The storms early in the rainy season mean California’s water supplies are in better shape now than last year, said state climatologist Michael Anderson. Nearly the entire state is in moderate drought, with about two-thirds in severe drought. But if precipitation totals hold, he expects this year to round out the driest three years on record — even drier than the three-year span between 2013 and 2015 during the last record-breaking drought.
“The challenge is, this is year three of the drought rather than year two,” Anderson said. “And in terms of a three-year period, we’re likely going to set a new record for a three-year window of drought.”
The snowpack, too, hasn’t increased.
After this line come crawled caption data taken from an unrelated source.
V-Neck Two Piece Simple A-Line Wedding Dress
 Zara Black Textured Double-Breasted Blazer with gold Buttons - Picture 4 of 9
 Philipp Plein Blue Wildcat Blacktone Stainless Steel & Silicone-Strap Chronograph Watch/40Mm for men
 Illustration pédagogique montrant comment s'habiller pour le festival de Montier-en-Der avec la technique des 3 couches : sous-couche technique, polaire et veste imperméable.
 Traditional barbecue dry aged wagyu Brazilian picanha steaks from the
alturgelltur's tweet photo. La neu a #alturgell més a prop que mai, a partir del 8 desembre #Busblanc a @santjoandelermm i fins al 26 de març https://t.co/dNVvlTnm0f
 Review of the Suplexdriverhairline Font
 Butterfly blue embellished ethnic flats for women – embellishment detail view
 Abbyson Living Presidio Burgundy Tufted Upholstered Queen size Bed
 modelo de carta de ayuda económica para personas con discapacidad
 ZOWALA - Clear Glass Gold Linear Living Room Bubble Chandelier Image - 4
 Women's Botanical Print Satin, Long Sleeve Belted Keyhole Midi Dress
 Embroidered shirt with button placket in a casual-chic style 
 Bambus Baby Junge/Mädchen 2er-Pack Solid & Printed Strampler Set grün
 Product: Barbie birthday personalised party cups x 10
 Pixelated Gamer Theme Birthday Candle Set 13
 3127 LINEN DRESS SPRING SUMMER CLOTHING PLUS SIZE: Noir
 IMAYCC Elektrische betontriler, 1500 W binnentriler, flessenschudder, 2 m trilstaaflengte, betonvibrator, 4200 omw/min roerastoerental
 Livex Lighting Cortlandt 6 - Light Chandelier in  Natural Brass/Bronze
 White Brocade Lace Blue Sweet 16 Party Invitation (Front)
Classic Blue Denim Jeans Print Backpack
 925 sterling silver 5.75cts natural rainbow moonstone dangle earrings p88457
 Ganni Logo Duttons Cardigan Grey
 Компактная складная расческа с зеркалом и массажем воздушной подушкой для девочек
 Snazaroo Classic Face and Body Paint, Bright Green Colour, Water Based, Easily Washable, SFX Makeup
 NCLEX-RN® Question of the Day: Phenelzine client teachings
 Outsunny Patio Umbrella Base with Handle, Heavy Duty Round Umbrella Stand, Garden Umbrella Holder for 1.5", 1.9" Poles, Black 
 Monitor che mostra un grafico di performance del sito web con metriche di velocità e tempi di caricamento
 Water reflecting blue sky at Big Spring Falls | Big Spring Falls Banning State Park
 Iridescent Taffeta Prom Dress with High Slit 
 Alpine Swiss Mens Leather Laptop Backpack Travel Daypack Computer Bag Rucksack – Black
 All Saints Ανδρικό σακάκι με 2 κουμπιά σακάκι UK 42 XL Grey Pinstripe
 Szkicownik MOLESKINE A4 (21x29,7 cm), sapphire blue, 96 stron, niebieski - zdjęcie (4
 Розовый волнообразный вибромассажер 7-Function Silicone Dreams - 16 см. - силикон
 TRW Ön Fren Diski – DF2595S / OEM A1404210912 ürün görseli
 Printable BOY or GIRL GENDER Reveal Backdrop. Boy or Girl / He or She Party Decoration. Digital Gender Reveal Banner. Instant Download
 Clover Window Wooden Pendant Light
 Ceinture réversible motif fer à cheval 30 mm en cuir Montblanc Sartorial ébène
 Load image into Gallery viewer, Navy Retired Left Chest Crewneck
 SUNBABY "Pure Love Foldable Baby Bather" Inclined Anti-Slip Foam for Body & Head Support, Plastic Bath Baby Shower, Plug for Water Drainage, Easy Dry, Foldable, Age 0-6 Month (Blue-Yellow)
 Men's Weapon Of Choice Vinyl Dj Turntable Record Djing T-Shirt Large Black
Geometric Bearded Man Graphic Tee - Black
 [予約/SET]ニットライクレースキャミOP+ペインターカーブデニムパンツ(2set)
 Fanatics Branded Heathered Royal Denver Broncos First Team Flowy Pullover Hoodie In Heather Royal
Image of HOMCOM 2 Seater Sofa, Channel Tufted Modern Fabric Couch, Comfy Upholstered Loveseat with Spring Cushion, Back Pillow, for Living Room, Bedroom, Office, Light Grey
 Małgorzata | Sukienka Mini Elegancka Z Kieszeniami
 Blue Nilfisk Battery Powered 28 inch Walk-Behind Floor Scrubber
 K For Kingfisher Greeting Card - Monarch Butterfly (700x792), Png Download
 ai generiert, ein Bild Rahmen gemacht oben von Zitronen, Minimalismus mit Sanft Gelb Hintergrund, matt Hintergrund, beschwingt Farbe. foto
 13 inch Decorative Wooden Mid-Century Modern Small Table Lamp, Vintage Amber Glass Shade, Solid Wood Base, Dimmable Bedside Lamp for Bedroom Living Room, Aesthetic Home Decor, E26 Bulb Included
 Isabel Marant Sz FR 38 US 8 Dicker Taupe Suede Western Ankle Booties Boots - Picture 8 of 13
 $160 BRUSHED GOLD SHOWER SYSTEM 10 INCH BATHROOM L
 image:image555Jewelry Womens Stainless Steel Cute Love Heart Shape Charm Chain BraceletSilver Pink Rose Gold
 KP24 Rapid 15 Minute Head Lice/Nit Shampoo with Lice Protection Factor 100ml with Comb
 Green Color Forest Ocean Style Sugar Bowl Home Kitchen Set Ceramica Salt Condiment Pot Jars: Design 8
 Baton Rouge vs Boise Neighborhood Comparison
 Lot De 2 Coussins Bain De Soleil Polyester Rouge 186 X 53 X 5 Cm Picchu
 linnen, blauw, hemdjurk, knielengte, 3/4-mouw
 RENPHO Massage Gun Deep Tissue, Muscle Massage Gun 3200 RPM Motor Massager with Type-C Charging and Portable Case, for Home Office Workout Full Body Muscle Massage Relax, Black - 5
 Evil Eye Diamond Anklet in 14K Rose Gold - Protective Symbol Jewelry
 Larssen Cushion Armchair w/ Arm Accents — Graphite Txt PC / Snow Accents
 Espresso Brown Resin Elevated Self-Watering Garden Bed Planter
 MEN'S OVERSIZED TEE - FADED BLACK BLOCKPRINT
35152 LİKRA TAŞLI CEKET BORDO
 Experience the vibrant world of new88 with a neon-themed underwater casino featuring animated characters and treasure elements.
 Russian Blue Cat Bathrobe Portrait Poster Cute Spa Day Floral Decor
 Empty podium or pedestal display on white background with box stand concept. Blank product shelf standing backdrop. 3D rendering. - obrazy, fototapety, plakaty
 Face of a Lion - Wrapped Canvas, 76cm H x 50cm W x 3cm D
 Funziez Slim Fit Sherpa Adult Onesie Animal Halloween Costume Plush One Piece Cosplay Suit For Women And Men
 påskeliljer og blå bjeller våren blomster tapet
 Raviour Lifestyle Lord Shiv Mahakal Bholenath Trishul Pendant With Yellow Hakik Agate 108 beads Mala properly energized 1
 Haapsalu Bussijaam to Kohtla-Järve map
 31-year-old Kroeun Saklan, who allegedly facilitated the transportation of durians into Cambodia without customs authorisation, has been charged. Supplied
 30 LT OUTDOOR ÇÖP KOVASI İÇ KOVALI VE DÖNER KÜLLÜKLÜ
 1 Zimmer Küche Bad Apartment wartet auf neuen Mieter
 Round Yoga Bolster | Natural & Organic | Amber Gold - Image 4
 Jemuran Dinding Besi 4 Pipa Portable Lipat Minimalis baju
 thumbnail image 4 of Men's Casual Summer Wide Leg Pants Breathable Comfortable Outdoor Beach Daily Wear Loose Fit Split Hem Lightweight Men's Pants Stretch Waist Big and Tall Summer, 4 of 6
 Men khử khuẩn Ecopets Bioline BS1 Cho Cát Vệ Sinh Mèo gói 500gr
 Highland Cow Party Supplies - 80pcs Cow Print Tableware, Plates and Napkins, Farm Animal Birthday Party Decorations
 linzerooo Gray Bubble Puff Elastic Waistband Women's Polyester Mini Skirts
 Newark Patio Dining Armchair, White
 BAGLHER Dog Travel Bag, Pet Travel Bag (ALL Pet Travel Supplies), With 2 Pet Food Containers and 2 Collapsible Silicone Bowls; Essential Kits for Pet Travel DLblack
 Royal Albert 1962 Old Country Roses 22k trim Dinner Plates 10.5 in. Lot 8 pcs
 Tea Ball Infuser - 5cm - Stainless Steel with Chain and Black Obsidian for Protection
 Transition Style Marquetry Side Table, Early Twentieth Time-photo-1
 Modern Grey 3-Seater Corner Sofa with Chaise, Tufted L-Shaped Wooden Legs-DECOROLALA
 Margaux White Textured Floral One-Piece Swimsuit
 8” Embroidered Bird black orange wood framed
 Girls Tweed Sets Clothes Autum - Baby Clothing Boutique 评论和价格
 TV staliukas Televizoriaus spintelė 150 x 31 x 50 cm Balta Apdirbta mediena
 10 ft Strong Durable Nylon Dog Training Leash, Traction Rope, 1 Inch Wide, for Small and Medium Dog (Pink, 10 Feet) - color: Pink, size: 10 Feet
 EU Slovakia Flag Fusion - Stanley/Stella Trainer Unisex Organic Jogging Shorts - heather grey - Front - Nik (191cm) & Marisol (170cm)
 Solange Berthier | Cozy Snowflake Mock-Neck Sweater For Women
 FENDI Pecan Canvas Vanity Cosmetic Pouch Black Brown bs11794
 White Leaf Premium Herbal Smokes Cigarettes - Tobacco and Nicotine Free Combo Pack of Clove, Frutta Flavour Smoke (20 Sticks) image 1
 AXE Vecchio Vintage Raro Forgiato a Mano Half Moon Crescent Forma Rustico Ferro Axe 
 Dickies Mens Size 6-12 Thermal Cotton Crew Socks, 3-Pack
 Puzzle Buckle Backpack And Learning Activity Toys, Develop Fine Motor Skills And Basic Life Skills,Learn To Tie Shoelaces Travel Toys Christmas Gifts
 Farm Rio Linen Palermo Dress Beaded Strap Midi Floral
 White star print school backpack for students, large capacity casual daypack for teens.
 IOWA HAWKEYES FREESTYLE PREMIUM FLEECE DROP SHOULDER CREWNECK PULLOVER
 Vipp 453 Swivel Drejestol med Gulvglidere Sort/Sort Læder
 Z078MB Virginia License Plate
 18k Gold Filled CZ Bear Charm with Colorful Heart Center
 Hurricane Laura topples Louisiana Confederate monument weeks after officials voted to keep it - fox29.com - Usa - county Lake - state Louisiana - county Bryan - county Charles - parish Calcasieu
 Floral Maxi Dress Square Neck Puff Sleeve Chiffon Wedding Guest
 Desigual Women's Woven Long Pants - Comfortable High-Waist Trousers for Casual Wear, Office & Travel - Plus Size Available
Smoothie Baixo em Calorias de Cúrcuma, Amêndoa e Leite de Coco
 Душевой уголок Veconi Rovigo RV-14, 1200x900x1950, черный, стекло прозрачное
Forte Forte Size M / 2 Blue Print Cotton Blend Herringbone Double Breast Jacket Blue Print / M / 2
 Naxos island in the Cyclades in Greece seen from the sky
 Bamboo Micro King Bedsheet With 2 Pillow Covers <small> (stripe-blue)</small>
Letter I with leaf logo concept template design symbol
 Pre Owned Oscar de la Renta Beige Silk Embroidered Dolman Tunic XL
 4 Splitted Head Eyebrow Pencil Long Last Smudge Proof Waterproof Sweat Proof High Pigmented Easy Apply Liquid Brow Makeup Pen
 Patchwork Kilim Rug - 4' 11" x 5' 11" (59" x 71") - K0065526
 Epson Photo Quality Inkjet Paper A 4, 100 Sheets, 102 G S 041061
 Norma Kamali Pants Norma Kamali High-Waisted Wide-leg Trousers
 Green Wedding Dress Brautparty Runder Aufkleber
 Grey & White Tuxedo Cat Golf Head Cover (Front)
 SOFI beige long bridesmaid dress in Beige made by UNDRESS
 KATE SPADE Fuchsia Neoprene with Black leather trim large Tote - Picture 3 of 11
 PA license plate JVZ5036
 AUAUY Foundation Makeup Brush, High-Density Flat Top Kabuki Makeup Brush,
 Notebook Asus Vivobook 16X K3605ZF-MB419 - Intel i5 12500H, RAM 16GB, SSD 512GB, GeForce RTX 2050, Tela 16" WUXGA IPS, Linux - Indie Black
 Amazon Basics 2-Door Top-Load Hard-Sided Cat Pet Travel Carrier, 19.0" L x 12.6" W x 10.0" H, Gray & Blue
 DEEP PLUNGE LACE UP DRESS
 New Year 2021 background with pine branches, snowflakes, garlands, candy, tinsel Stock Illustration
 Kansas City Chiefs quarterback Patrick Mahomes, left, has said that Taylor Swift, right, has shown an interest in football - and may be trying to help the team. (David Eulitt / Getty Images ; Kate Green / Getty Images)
A critical water supply, the Sierra Nevada snowpack was measured at 72% of normal for Feb. 15, but only 55% of the seasonal average measured on April 1. And in parts of the state, the snow is already melting.
“You’re in this window where you’re still expecting to be building (snow)pack, but it’s already starting to melt,” Anderson said. “The challenge will be how much snowpack makes it to spring, and how much shows up in the reservoirs.”
Anderson is keeping an eye on the months ahead, and hopes that March will bring more rain and snow than anticipated. A big question will be how much runoff from snow melt in the Sierra Nevada will reach California’s reservoirs, which saw substantially less runoff than expected last year.
“The good news is there’s room in the reservoirs to capture what does make it to the streams and come down,” he said. “The challenge is that if we’re dry this early, the demands for water start earlier.”
Most of the state’s reservoirs are sitting below historic averages despite the December deluge, with some notable exceptions, such as Folsom Reservoir — “the breadwinner of the storms,” Michael Macon, who works with the water board’s Division of Water Rights, said Tuesday.
Lake Shasta is about half a million acre-feet — enough to supply 1.5 million households for one year — short of where it stood last year. Oroville has climbed above last year’s levels, but the amount of water flowing out is starting to match water flowing in following a dry January, Macon said.
Looking ahead, Anderson says it’s a matter of waiting and watching whether spring brings more rain and snow, and how quickly summer heats up.
“The challenge then becomes, well, what does summer look like? Does it heat up really fast? Do we end up with a lot of heat waves?” he said. “Or do we get a little bit of a break with some cooler weather?”